Jeff Carreira: On the other hand, as you've been saying, this work makes things possible between people. This makes me wonder what this could mean for our world. What could happen if this became a way of being that was utilized widely and could be brought into various contexts? I know that is an important part of your work, especially with One World Bearing Witness. I'm wondering if you could speak to what you see as the bigger human possibilities and advances that could come from this awakening.
Elizabeth Debold: If you look at what some people call the polycrisis, which is the hydra-headed problems we're in the midst of as a species, others talk about the meta-crisis, or the meaning crisis, but they all arise out of a profound sense of separation. They rest on a foundational insistence that the physical is the only reality, and yet matter or material is not even valued that much. The bleakness of this view, combined with our isolation and alienation from life, has triggered epidemics of addiction, depression, and simple, heartbreaking loneliness. Opening to a different dimension of reality that we’re talking about reveals a space that is non-separate while maintaining individuality and the preciousness of our individual experience and lives. This is what allows us to meet human-to-human in a connection that is prior to separation. So we meet in the reality that none of us is separate, that we are all interdependent, intertwined, and entangled. We find a space of belonging that is inherently meaningful, and is often experienced as sacred.
When the community that you and I were part of collapsed, a few of us met in India and asked, “How can others benefit from what we've learned?” That's part of what spurred our interest in doing One World Bearing Witness, which was a global 24-hour practice event featuring spiritual leaders from different traditions. We wanted to create global events where spiritual leaders and activists and people who are working for change could come together in spaces that held this depth and recognition. If we start from non-separation, the conversation becomes a different conversation.
In an Interbeing context, you feel more like yourself and you appreciate the other people as the mystery that they are to you. At the same time the ground between you is non-separation. At a cultural level, change always happens with small groups of people who are doing radical practices of love until the spaces for practice permeate our world-space. If you look at Christianity, regardless of what you might think about it, that is how it ended up bringing down the Romans. Perhaps that is the potential here today.
Jeff Carreira: Yes, I would agree. The level of vulnerability and undefendedness is extraordinary in these gatherings. When you look at the world we live in, it is not hard to wonder what would be possible if people were regularly doing practices that could support them to enter these states of vulnerable, undefended interest in the truth. I can't think of anything we need more in the world.

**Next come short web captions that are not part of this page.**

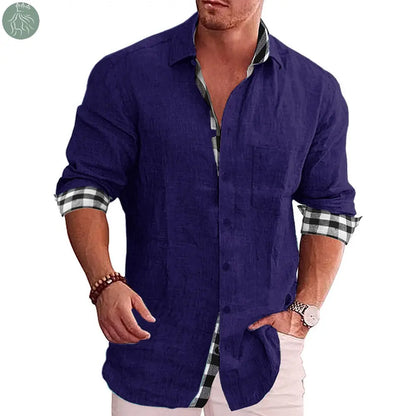 Men's Shirt Long Sleeve Casual - Eloy Royal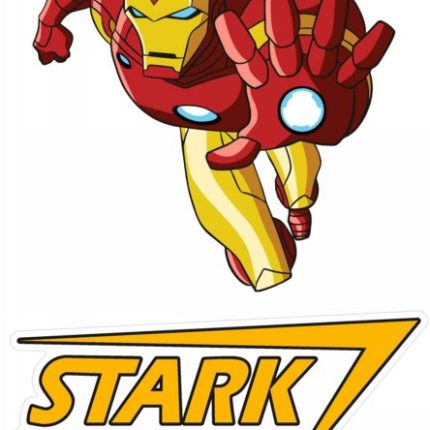 Ironman STARK Industries Sticker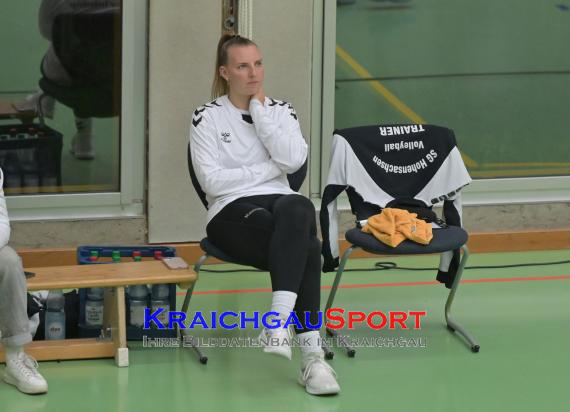 Volleyball-Oberliga-Frauen-SV-Sinsheim-vs-SG-Hohensachsen (© Siegfried Lörz)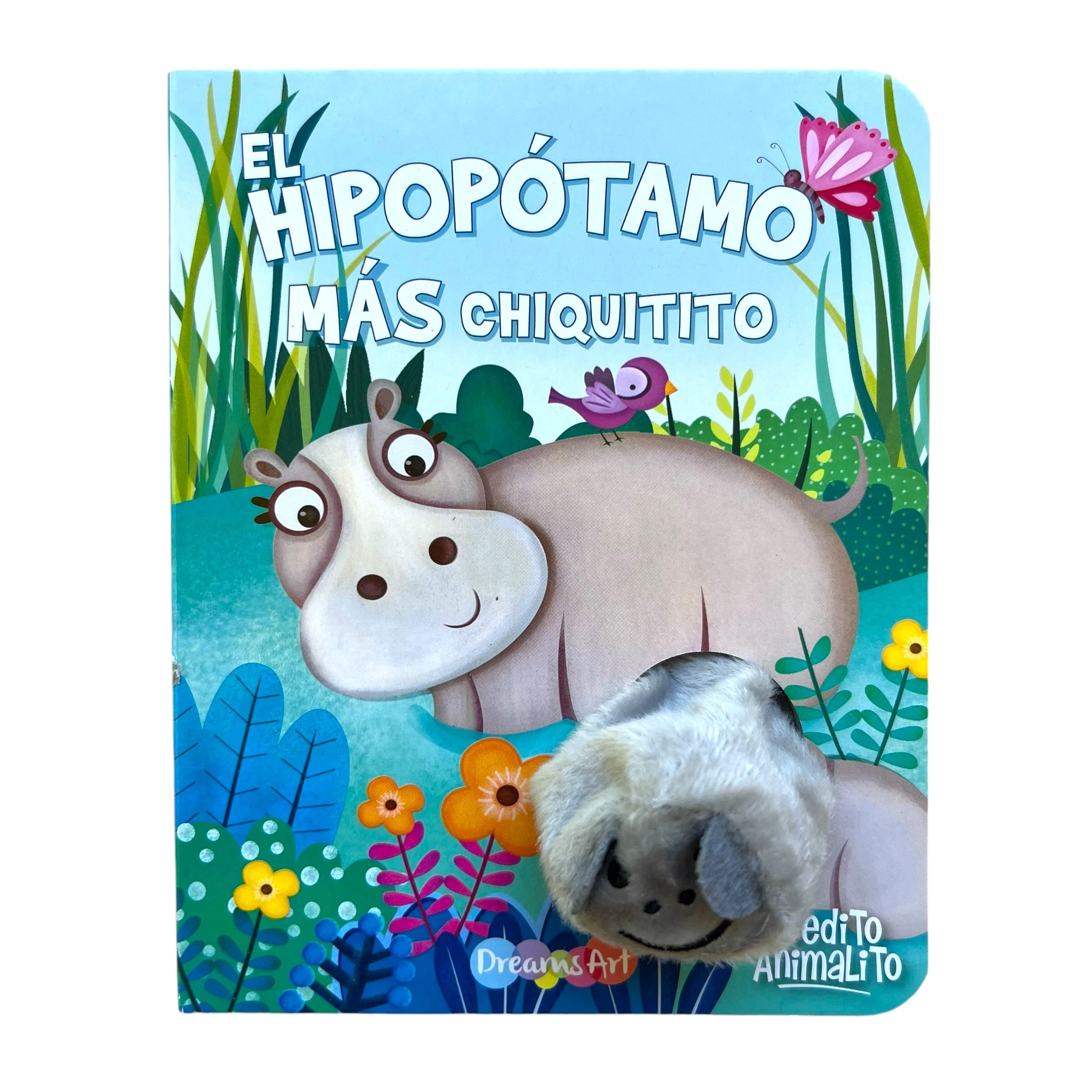 Libro Dedito Animalito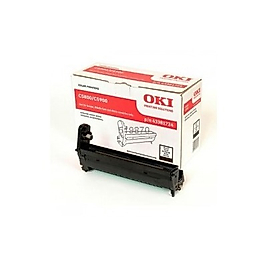 OKI 43381724 Siyah Orjinal Drum Ünitesi - C5800 / C5900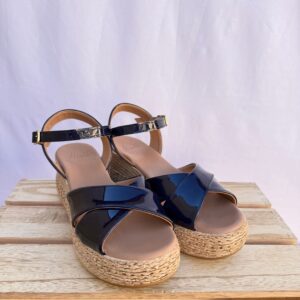 Sandale ALIWELL DANAE VERNIS MARINE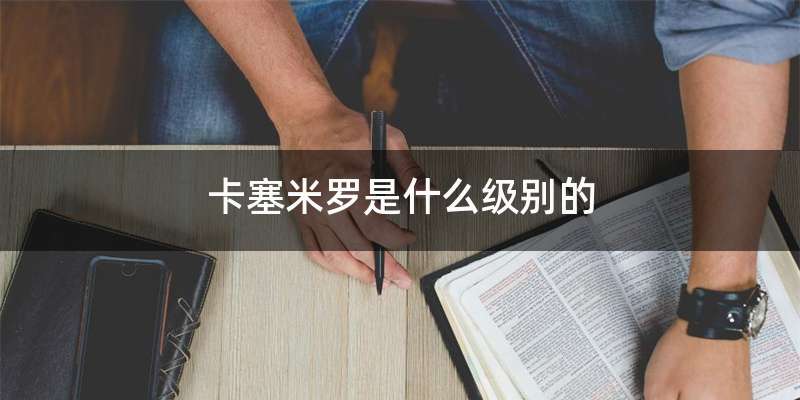 卡塞米罗是什么级别的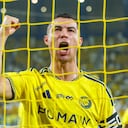 Cristiano Ronaldo llegó a la cifra de 985 goles en su carrera deportiva.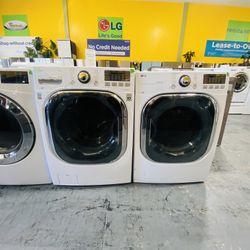 Lg Lavadora Y Secadora A Pagos Flexibles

Elizabeth Debold: Yes, and along those lines, we've started something recently called Interbeing Tea Dialogues. They combine the formality and ritual aspect of a tea ceremony to create a sacred context with an experience of Interbeing. People bring up issues that they are struggling with or are fascinated by. It can be anything positive or negative, and every member of the group brings an issue or brings a question that is alive for them. Then the group selects one of those as being the most appropriate question for the group as a whole to explore. That in itself takes vulnerability.

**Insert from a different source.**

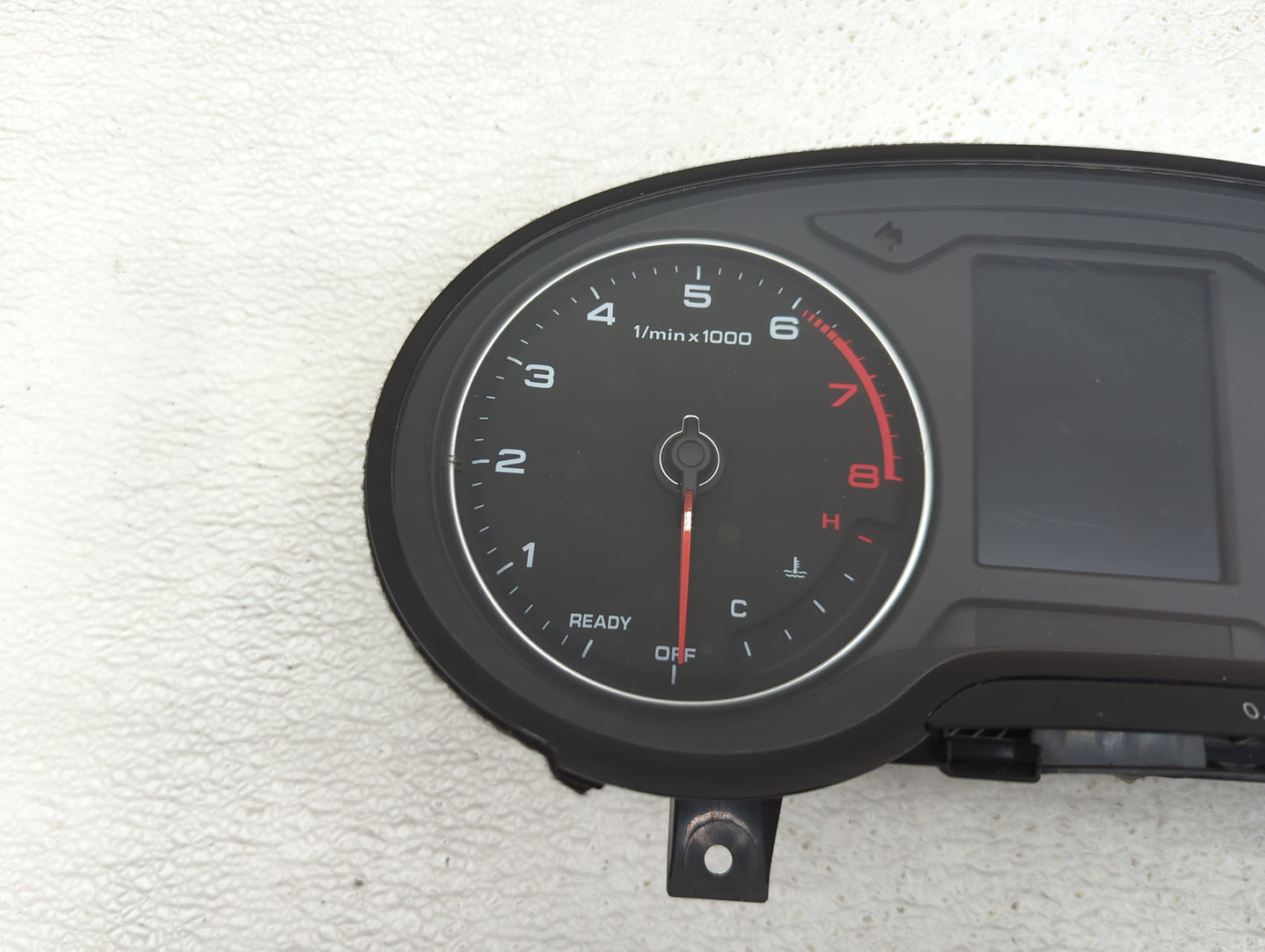2017-2018 Audi A3 Instrument Cluster Speedometer Gauges P/N:8V0920961C 8V0920961 Fits Fits 2017 2018 OEM Used Auto Parts - O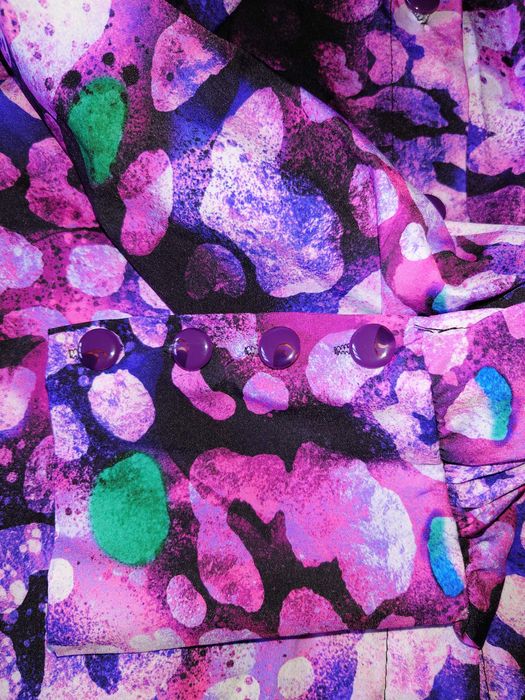 Дамска многоцветна риза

Once the questions are opened up we pierce through to the most existential level. So it's not about finding out the truth or what's going on with only one person. We want to discover something in that question that we all have a deep connection to, because it is profoundly human. When looked from an existential point of view, we realize that we're not separate from the person who brought it up. In that recognition there's a healing that happens. There's a wholeness that comes from that. And wholeness and healing have the same root. We don’t give advice in these groups. It's about exploring and sharing the experience or the question that's been brought up as deeply as possible together. It's something we use to introduce people to Interbeing work.
Jeff Carreira: I would love you to say a little bit about the continued growth and advancement of Interbeing work.
Elizabeth Debold: We're living in potentially transformative and definitely dangerous times. You could even say we're living in times of increasing darkness, if you want to use that metaphor. And that makes me think back to the end of the Roman Empire. What happened after the collapse of the civilization of Rome was that the Christian church formed monasteries. Regardless of what you might think about the Christian faith and its history, these monasteries were incubators of a certain consciousness. They were incubators for the development of the individual, they held the practices of prayer and contemplation aimed at creating deeper self-responsibility and self-reflection, and the capacity to be a moral agent. This supported the emergence of the culture that we're part of today. It was a powerful shift in human consciousness. We see now that it certainly had its downsides, and we're dealing with that now. But today we don't have structures where people can come together in practice.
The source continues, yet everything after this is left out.